I hope the Minister will accept that, to date, his response to this matter has been minimal. If he does not accept that, I would be apprehensive about the authority that is coming down the line. I want the new authority to work. I want it to have powers of enforcement that go beyond the current section within the Department which, being frank, has received no complaints since it was established. That establishment happened on the basis of a statutory instrument that transposed the European directive verbatim without any additional roles or acts by processors or retailers being made illegal. The Minister said he plans to move to the next stage shortly. What does "shortly" mean? Can we expect publication within the next fortnight, for example? How willing is the Minister to engage with the Opposition and farm organisations to ensure the new authority has the teeth the section in the Department does not?

I do not accept at all that my position has been minimal. This is a landmark move and landmark legislation establishing this office. It is something to which I was committed throughout my time in opposition and I ensured it was included in the programme for Government. I outlined to the public at the most recent general election my commitment to deliver this if I got into government. It was not a commitment in Sinn Féin's manifesto at that election. In some of its annual submissions, Sinn Féin has supported it, and in others, it has not.

I welcome the Deputy's support for this measure and I agree it is important this office has teeth and is effective. That is why I have engaged very broadly with all stakeholders up to this point and conducted a very significant public consultation so everybody could feed into it, including the Deputy himself as an Opposition spokesperson, and all farmers, primary producers and stakeholders in the agrifood sector. It is important we step this out. The final drafting is taking place and I hope to bring the Bill to the Dáil as soon as possible following that. The team is working on it at the moment and a lot of work is already going into it. We will proceed with establishing the office and recruiting staff and I hope to have it up and running and effective by the end of this year.

The difficulty is the Minister said the exact same thing about the timeframe this time last year. I followed the unfair trading practices regulation at an EU level throughout the entire process. I was a shadow rapporteur on the file and was part of the negotiations. I was disappointed with the final outcome because I feared the directive was far too minimal and member states would transpose it in a minimal fashion. To this point, that is what has happened. It has been transposed through a statutory instrument without any additional measures being included.

I wish the Minister well and I hope this new authority has the teeth that will allow farmers and consumers to be treated fairly within the food chain because, currently, they are not. Meat processors and retailers are acting in a cartel-like fashion where they are exploiting the people producing the food and the end purchasers of the food. Will the new office have the powers of a corporate enforcement office?
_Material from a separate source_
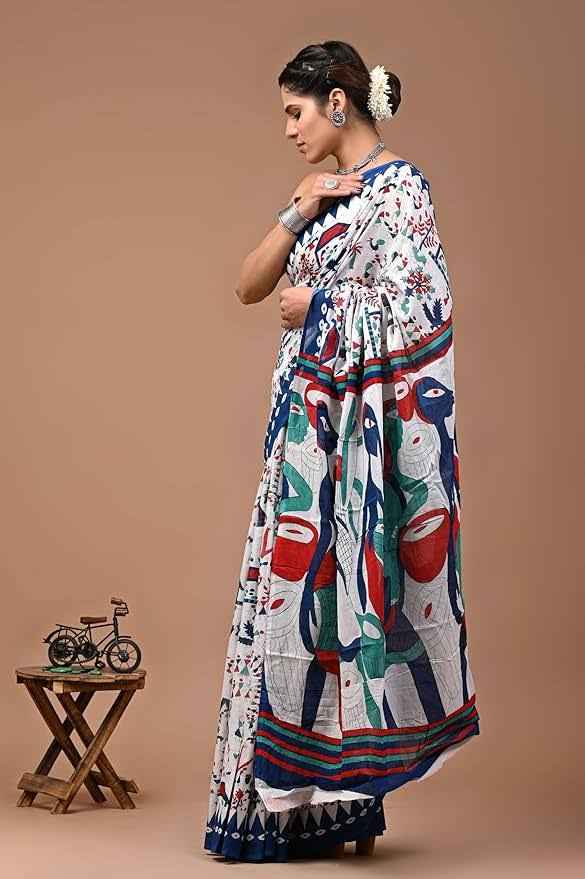 ranglok multicolor tribal art mulmul cotton saree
Will it be able to examine every facet of the market chain to ensure undue profits are not being gleaned on the backs of hard-working farmers or hard-pressed consumers?

The key objective here is to have an independent office that is statutory and has the credibility and independence to oversee what is going on in the marketplace and influence it in a way that ensures it is as fair as possible. The ultimate objective is to ensure fairness and fair play for primary producers, farm families and smaller and more vulnerable suppliers in the food supply chain. That is the objective. The office will oversee the unfair trading practices directive but a key role will also be assessing what is happening in the marketplace, shining a light on it and influencing it in a such way that we ensure respect throughout the food supply chain for all actors, but particularly for those who are most vulnerable, namely, the primary producer, the farm family, fishers and smaller producers. That is the objective here. As I said, the plan is to have the office up and running and operational by the end of this year. We are now proceeding with legislation to bring that through as quickly as we can.